Churn Analysis: why is it valuable?
I used an open dataset from Kaggle to explore how doing a churn analysis using machine learning models can not only save real money for the company but can also provide insights for strategic decision making. Here are the three business questions I would like to talk about:
- What is the value of the model to a business?
- What types of customers are most likely to churn and why?
- What can we do about it?
Value of the model
Churn is hard to predict for two reasons. One is because only a minority of customers will churn. For example, in this dataset, only 14.5% of the customers churn. The second reason is that there are so many variables that can be factored in the customer’s decision, the answer is not always so straightforward.
The model that I decided to pick can tell us exactly if a customer will churn or not with a 93% accuracy. The best part of this model is that it has a low false-positive rate, meaning that if a customer will indeed churn, our model can identify that 98% of the time.
Because customers that will churn is the minority, therefore in every 1000 customers, there are only 3 customers who will churn but the model didn’t tell us. Without the model, in every 1000 customers, it is very likely that we will miss around 144 customers.
Reasons to churn
It is very intuitive to say that the reasons for customers leaving us was due to the bills were too high or bad customer service. Indeed we see these differences. For example, Graph 2 shows that customers who churn, on average pay 15 dollars more every month than customers who stay. Graph 1 shows that among customers who churn, 50% of them call customer service 1–4 times but among customers who stay, 99% of them call less than 3 times.

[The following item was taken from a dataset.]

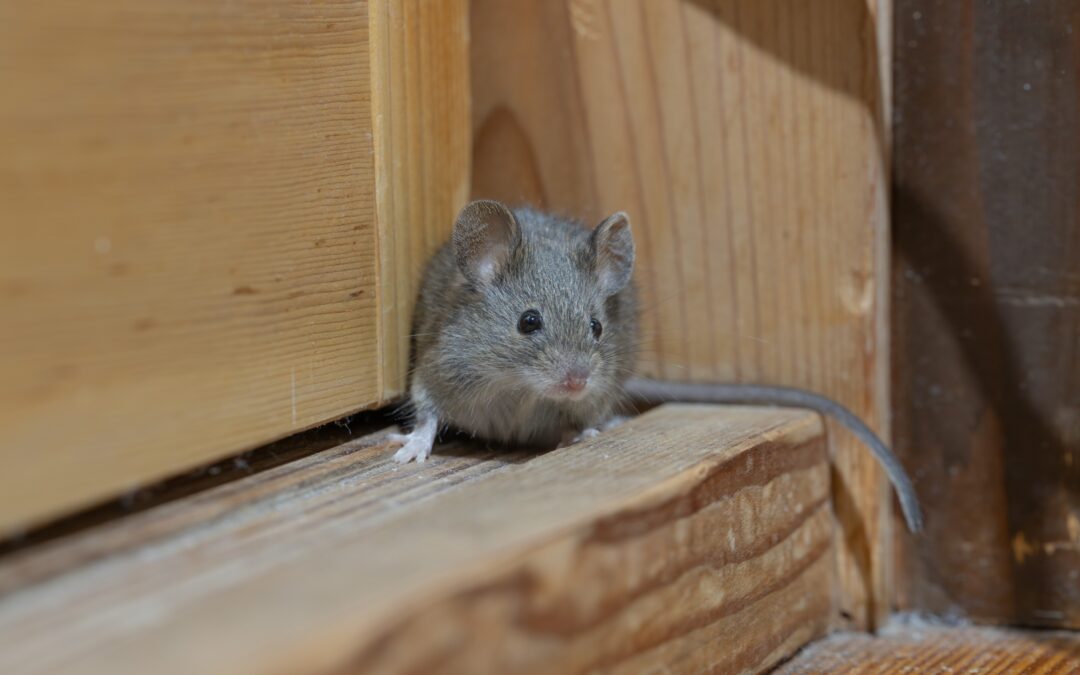 Scratching Sounds at Night Often Mean Mice in Walls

However, I want to investigate what led to a high monthly charge, and why do they need to the customer service so many times. I discovered that monthly charge has a positive relationship with data usage, day mins, and overage fee. So I looked that those variables more closely.
Graph 3 shows that a majority of the customers who churn have 0 or very low data usage. On the other hand, graph 4 shows that customers who churn use our calling service more.

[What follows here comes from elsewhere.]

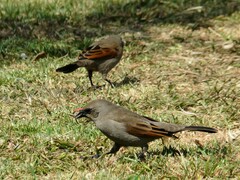 Agelaioides badius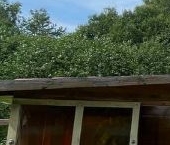 Продать Дачи, коттеджи, загородные дома Юрки СНТ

One explanation can be that customers who churn have a different need compare to customers who stay. Churn customers use more calling services. However, the way we design our phone plans gives more discounts to data users, and thus, people who use our calling service heavily result in a higher monthly bill.
Graph 5 shows that among customers who do not have a data plan, on average, they call 55 mins more every day, and among those who have a data plan, they call 20 mins less on average.

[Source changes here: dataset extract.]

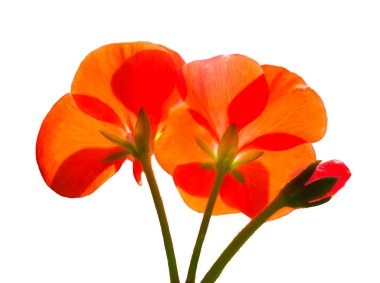 Güzel kırmızı Sardunya çiçekleri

Another way to testify this assumption is to collect more demographic information about our customers. For example, customers with older age tend to use less data but more calling service. It will be interesting to see if they are also customers who are more likely to churn.
Because it did show that data usage has a positive relationship with the monthly bill, I dug deeper into data usage. Based on experience, a high monthly bill should also relate to the data plan.
Graph 5 and Graph 6 show that, among customers who do not have a data plan, 16.7% churn, and among the ones who have, only 8.7% of them churn (reminder: this dataset has a 14.5% baseline churn rate).
So should we sell our data plan more aggressively to reduce the churn? It turns out that it is not the solution. Graph 7 shows that for customers who have data usage, the churn rate is about the same among customers who have a data plan and not have a plan.
The answer lies in the roaming service. Graph 8 shows that if a customer uses our roaming service, having a data plan increases their rate of stay. In this dataset, 3315/3333 customers use roaming service.
So where do we go from here?
We have concluded that there are two types of customers who are most likely to churn:
- customers who did not purchase a data plan, but still use our roaming service.
- customers who use our calling service above the average.
For the next step, we should collect more information about our customers, for example, demographic information to further verify my analysis.
Based on my analysis, I recommend companies to have a roaming plan or a minutes plan other than the data plan. Customers who churn shown that they have a different need. Therefore, we should provide more choices.
- Full Analysis: Here is the GitHub link to see the full analysis with code.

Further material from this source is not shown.